# STATS

The `STATS` command groups rows based on a common value and calculates one or more aggregated values over the grouped rows.

## Syntax

`STATS [column1 =] expression1 [WHERE boolean_expression1][, ..., [columnN =] expressionN [WHERE boolean_expressionN]] [BY grouping_expression1[, ..., grouping_expressionN]]`

### Parameters

#### `columnX`

The name by which the aggregated value is returned. If omitted, the name defaults to the corresponding expression (`expressionX`). If multiple columns have the same name, all but the rightmost column with this name are ignored.

#### `expressionX`

An expression that computes an aggregated value.

#### `grouping_expressionX`

An expression that outputs the values to group by. If its name coincides with one of the computed columns, that column will be ignored.

#### `boolean_expressionX`

The condition that must be met for a row to be included in the evaluation of `expressionX`.

## Examples

### Calculating a statistic and grouping by the values of another column

```esql
FROM employees
| STATS count = COUNT(emp_no) BY languages
| SORT languages
```

Group rows by the `languages` column and calculate the count of `emp_no` for each group.

### Omitting `BY` to return one row with the aggregations applied over the entire dataset

```esql
FROM employees
| STATS avg_lang = AVG(languages)
```

Calculate the average number of languages across all rows.

### Calculating multiple values

```esql
FROM employees
| STATS avg_lang = AVG(languages), max_lang = MAX(languages)
```

Calculate both the average and maximum number of languages.

### Filtering rows that go into an aggregation using `WHERE`

```esql
FROM employees
| STATS avg50s = AVG(salary)::LONG WHERE birth_date < "1960-01-01"
```

Group rows by `gender` and calculate the average salary for employees born before and after 1960.
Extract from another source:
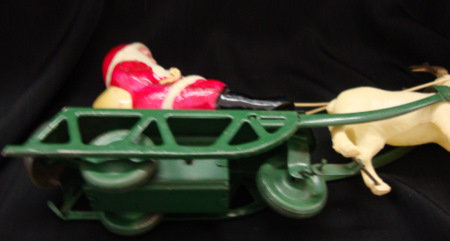 Celluloid Santa on Tin Sleigh - Key wind Toy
### Mixing aggregations with and without filters, and optional grouping

```esql
FROM employees
| EVAL Ks = salary / 1000 // thousands
| STATS under_40K = COUNT(*) WHERE Ks < 40, inbetween = COUNT(*) WHERE Ks >= 40 and Ks <= 60, over_60K = COUNT(*) WHERE Ks > 60, total = COUNT(*)
```

Calculate counts for salary ranges (under 40K, between 40K and 60K, over 60K) and the total count.

### Grouping by a multivalued key

```esql
ROW i=1, a=["a", "b"]
| STATS MIN(i) BY a
| SORT a ASC
```

Group rows by the multivalued column `a` and calculate the minimum value of `i` for each group.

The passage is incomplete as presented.